We sat on the steps, looking out on the over-grown field. The person who has introduced me to the neighborhood begins to describe some of the activities that take place in this area. The bodies that people in the drug cartels and gangs leave in the park in the dark of night. The fights that happen here at night, including a gun battle in which most of his gang was killed. He described laying face-first on the ground when they killed his boss, who was right next to him. After more than a decade of street life selling drugs and participating in gangs, in Mexico, in the US, and back in Mexico, that was the moment he quit. The only moment it was really possible to leave, actually, considering that nearly everyone else was killed.
And now we looked out over the park and he saw beyond the violence. He looked at the overgrown flowers by the soccer field and envisioned a tidy garden. He saw the tall grass on the soccer field and the baseball diamond and imagined it trimmed down, ready to play on. He pointed out the path leading to some picnic tables and described how they could improve the lighting in that section to stop gangs from using the space to drop dead bodies.

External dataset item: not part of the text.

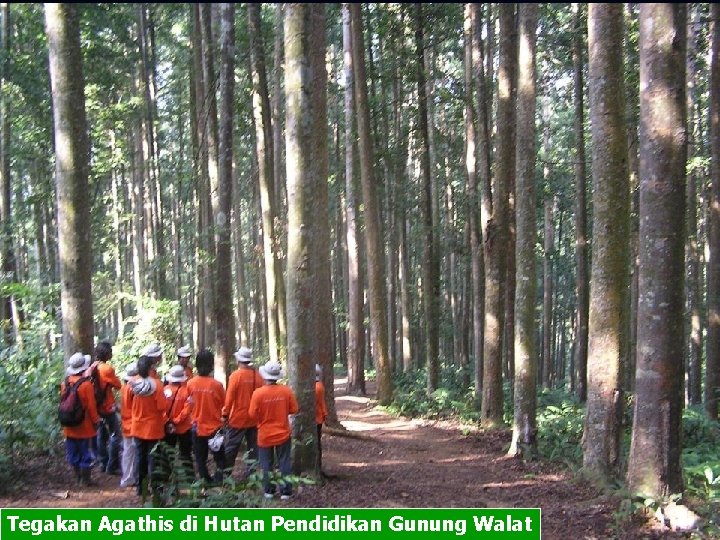 Tegakan Agathis di Hutan Pendidikan Gunung Walat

Even as the area holds a long history of violence, he sees beyond. Just as he hopes that other people will see beyond. He wishes that people in the communities around the park could see beyond his tattoos and trust him enough to sign the petition he had written up to make the improvements that he envisioned. He hopes that the government sees beyond the current state of affairs and invests money to improve the park. He wishes that his friends would see beyond the drugs that they use and help him in the effort.
It isn’t always easy to see beyond. When I witnessed a knife fight across the street the last time I was in the neighborhood, I had to remind myself why I even came. But as a priest said in mass a few days ago, “el miedo nos impide de vivir en plena libertad” (fear stops us from living in full freedom). Fear is often a logical response to an obvious reality. Yet what if there is more to reality than what is obvious?
If we could let go of fear, perhaps we could have the full freedom not just see beyond but also love beyond. After all, God certainly sees beyond every day when it comes to his love for us. If we live in that vision and love we could change lives and communities, whether in Guadalajara or San Gabriel or our own cities or neighborhoods. Perhaps one day his vision of the park will become a reality.